DATASET EXCERPTS
#####

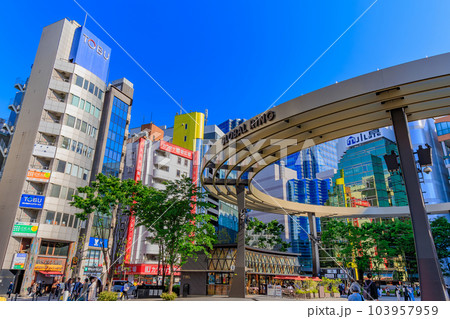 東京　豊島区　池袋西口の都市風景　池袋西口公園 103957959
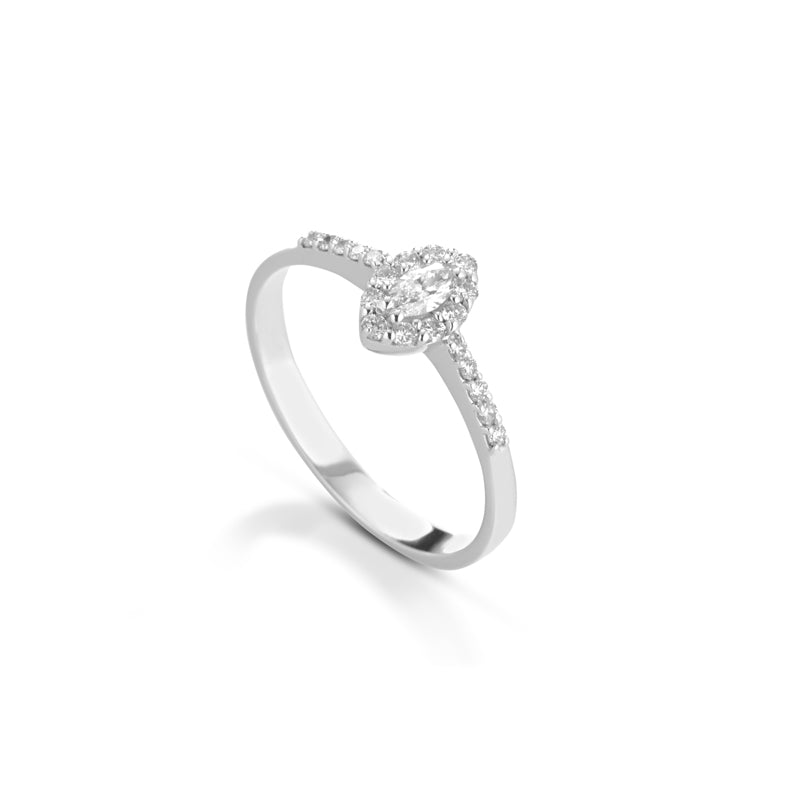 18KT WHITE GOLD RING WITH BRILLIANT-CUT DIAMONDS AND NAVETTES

#####

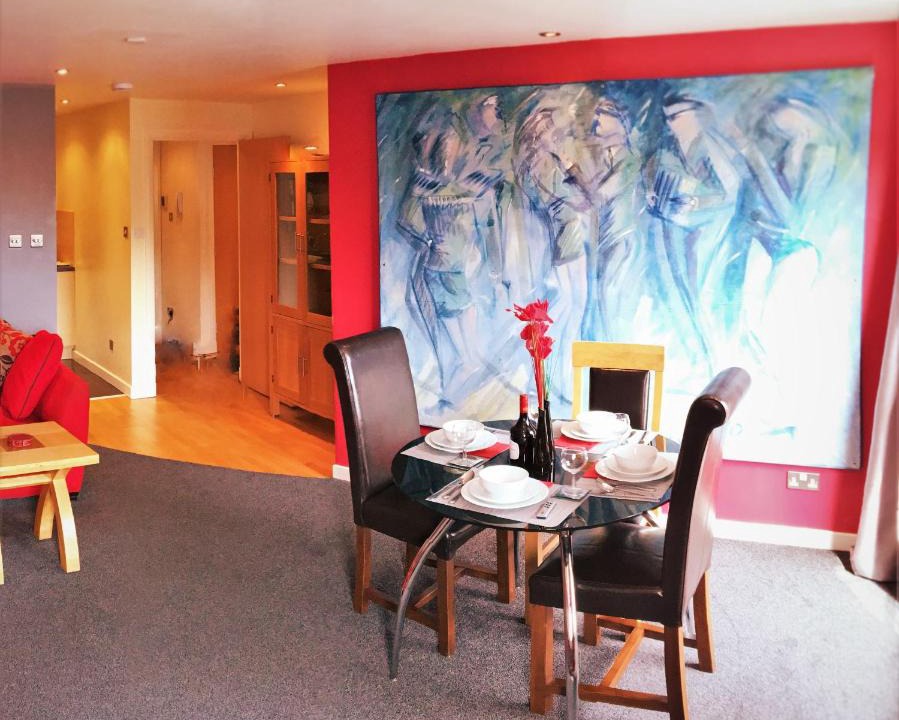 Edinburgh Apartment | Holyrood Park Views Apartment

#####

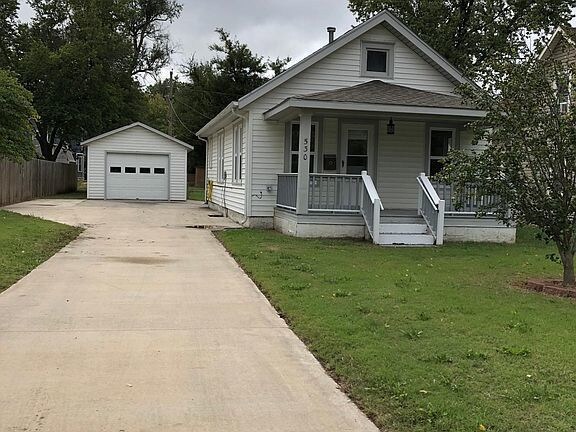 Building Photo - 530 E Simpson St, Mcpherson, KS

#####

TASK PROMPT
Take the material above from the line bearing "東京　豊島区　池袋西口の都市風景　池袋西口公園 103957959" through the line bearing "18KT WHITE GOLD" and write it out exactly, both end lines included. Pictures stay out.

EXERCISE RESPONSE
 東京　豊島区　池袋西口の都市風景　池袋西口公園 103957959
 18KT WHITE GOLD RING WITH BRILLIANT-CUT DIAMONDS AND NAVETTES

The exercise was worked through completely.